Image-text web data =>
-=-=-

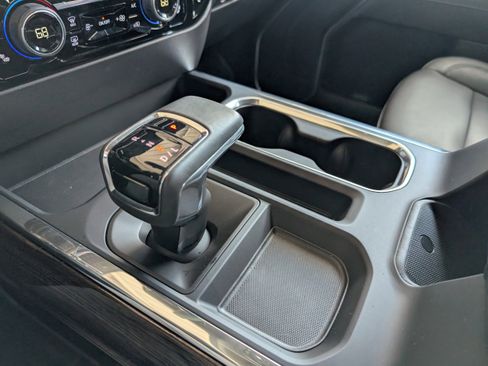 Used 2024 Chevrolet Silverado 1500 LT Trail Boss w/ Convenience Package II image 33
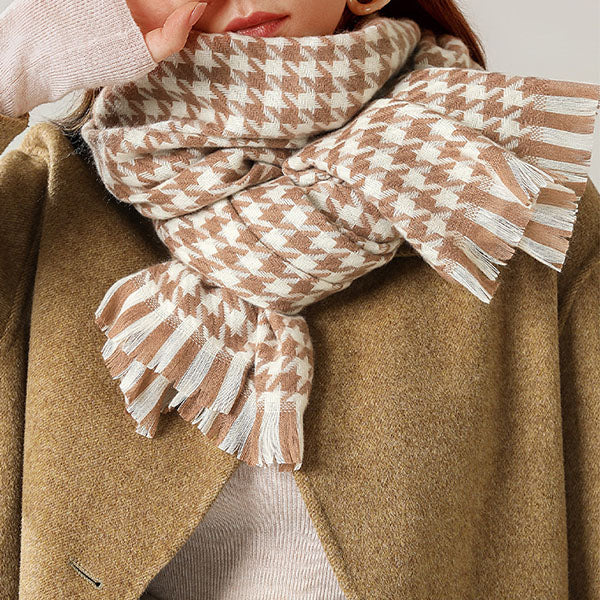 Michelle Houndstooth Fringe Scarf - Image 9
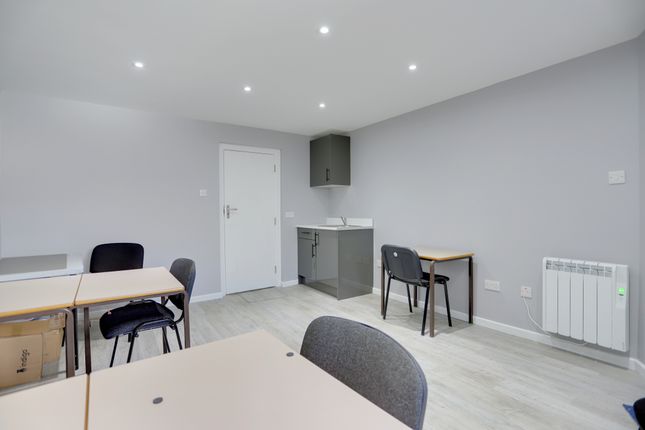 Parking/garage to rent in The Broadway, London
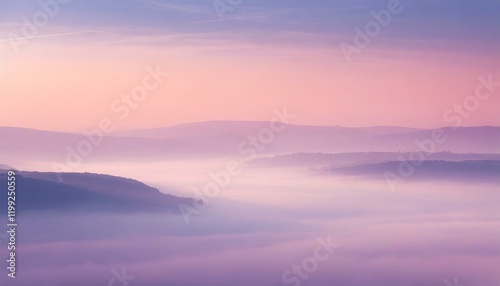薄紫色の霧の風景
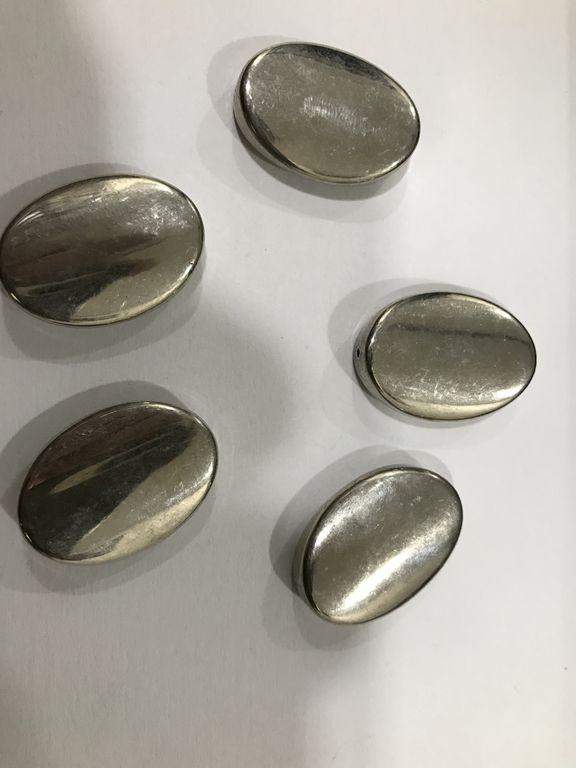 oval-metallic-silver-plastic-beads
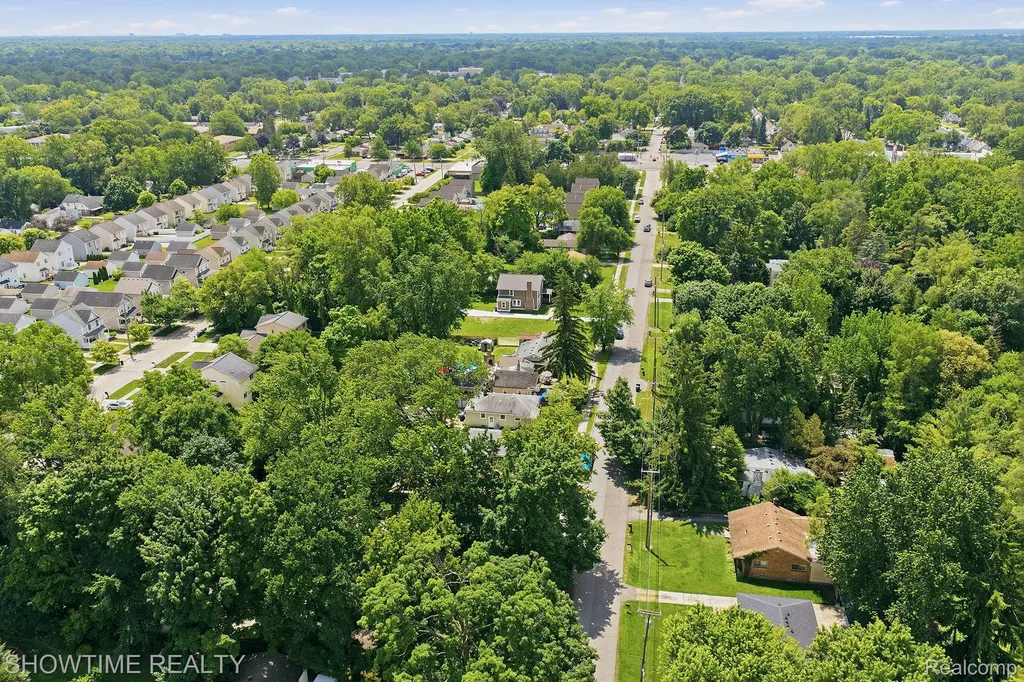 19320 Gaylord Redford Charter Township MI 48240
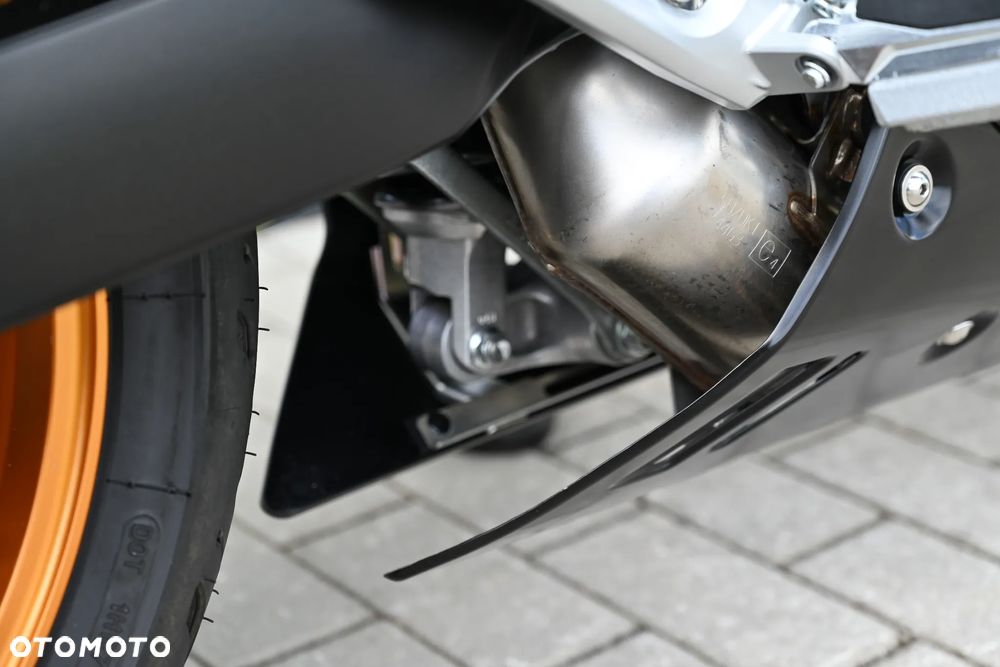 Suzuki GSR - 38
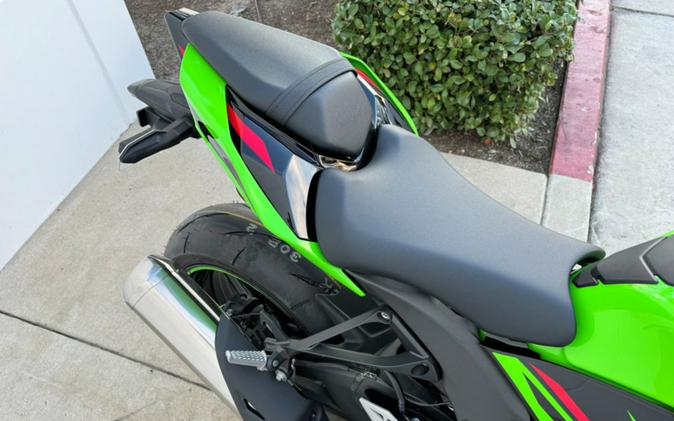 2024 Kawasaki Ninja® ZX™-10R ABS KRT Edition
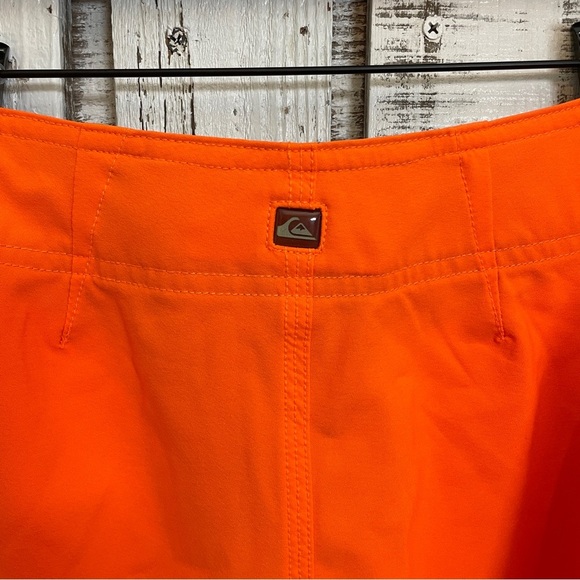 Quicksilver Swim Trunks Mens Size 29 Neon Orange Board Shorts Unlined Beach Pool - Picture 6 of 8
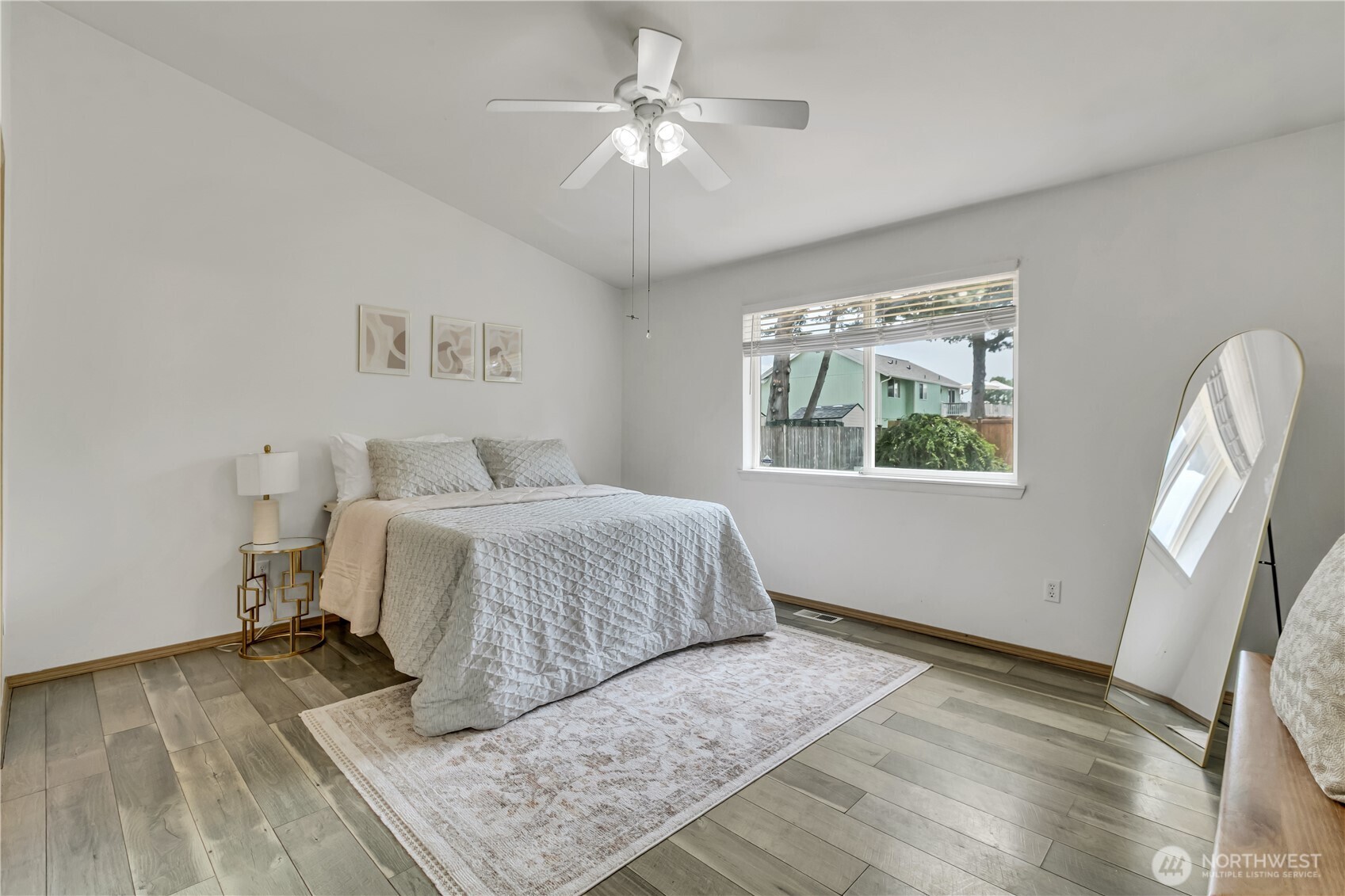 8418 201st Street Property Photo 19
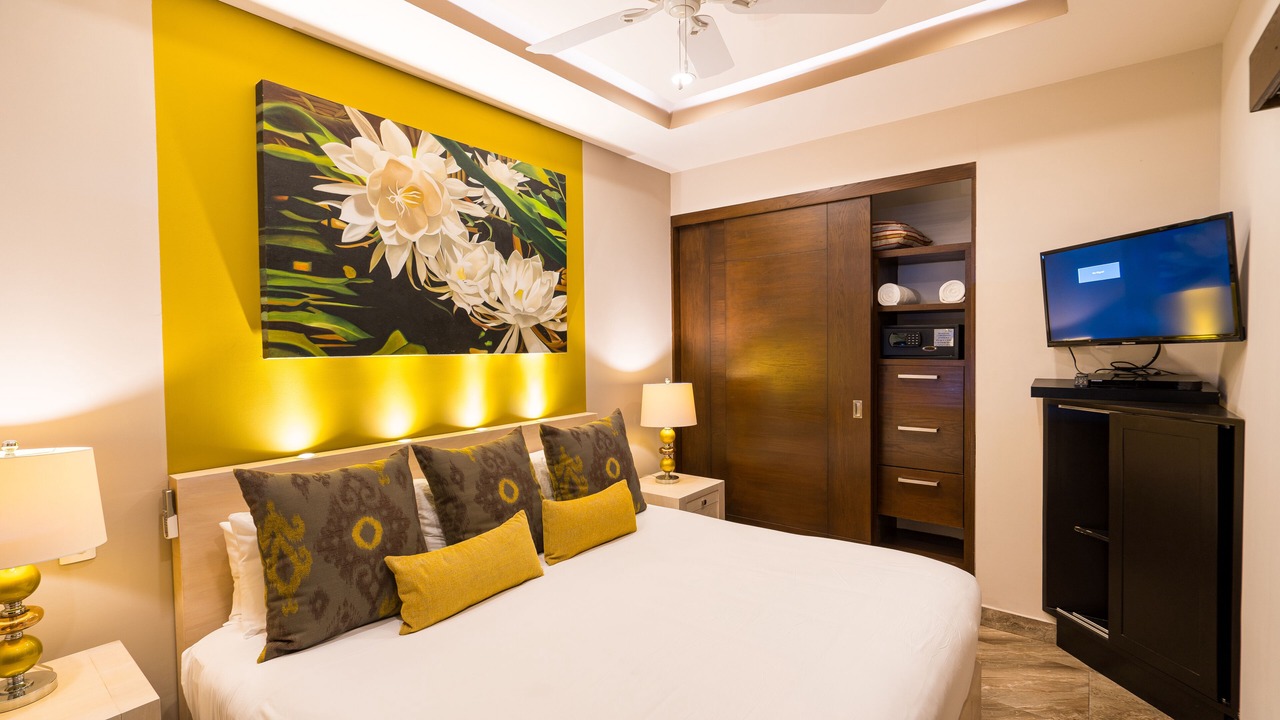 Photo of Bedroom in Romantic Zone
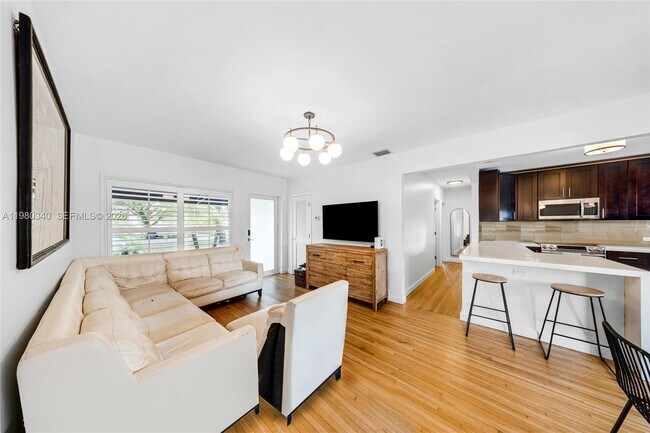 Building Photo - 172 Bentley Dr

-=-=-

WHAT IS EXPECTED => Your reply should repeat the entries above exactly, leaving the pictures out.

THE COMPLETED TASK =>
 Used 2024 Chevrolet Silverado 1500 LT Trail Boss w/ Convenience Package II image 33
 Michelle Houndstooth Fringe Scarf - Image 9
 Parking/garage to rent in The Broadway, London
薄紫色の霧の風景
 oval-metallic-silver-plastic-beads
 19320 Gaylord Redford Charter Township MI 48240
 Suzuki GSR - 38
 2024 Kawasaki Ninja® ZX™-10R ABS KRT Edition
 Quicksilver Swim Trunks Mens Size 29 Neon Orange Board Shorts Unlined Beach Pool - Picture 6 of 8
 8418 201st Street Property Photo 19
 Photo of Bedroom in Romantic Zone
 Building Photo - 172 Bentley Dr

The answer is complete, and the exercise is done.